A number of dissenters were prosecuted under the Sedition Act, but it did expire in 1800. Still, for much of American history the press practiced self-censorship. That was because the First Amendment was interpreted as only limiting what the Congress in Washington could do; states and local communities thus felt empowered to abridge the press as much as they wanted. Even after the Supreme Court ruled, in the 1925 Gitlow v. New York decision, that the First Amendment did apply to the states, political leaders' threats of libel and defamation lawsuits continued to muzzle the press significantly.
That all changed in 1964 with the landmark case of New York Times v.Sullivan.

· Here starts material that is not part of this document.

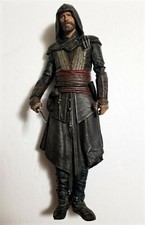 Assassins Creed Aguilar #12 Color Tops McFarlane Action Figure Used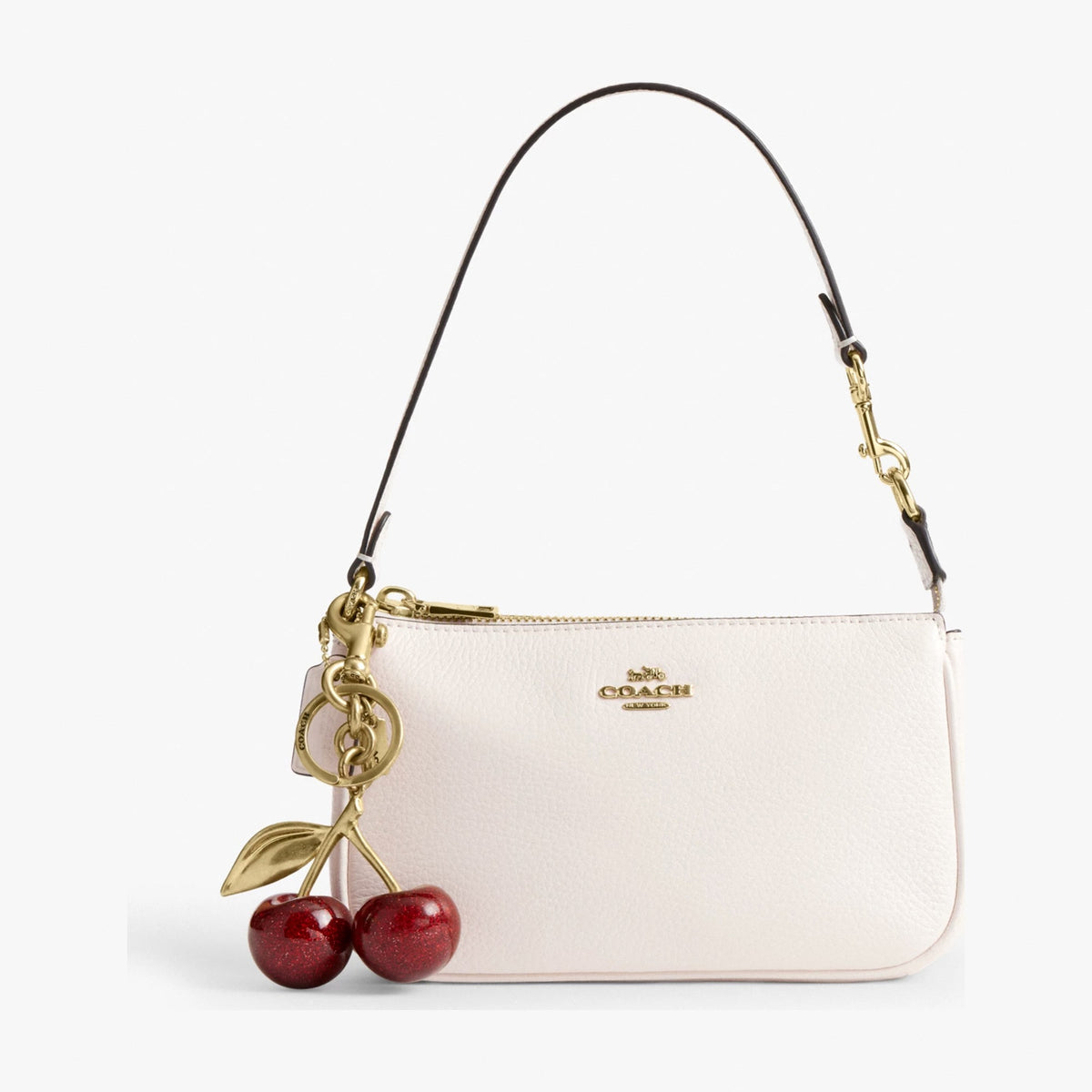 Coach Nolita 19 - Gold/Chalk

Justice Brennan wrote that "we consider this case against the background of a profound national commitment to the principle that debate on public issues should be uninhibited, robust, and wide-open, and that it may well include vehement, caustic, and sometimes unpleasantly sharp attacks on government and public officials.” Further, "an unconditional right to say what one pleases about public affairs is what I consider to be the minimum guarantee of the First Amendment.”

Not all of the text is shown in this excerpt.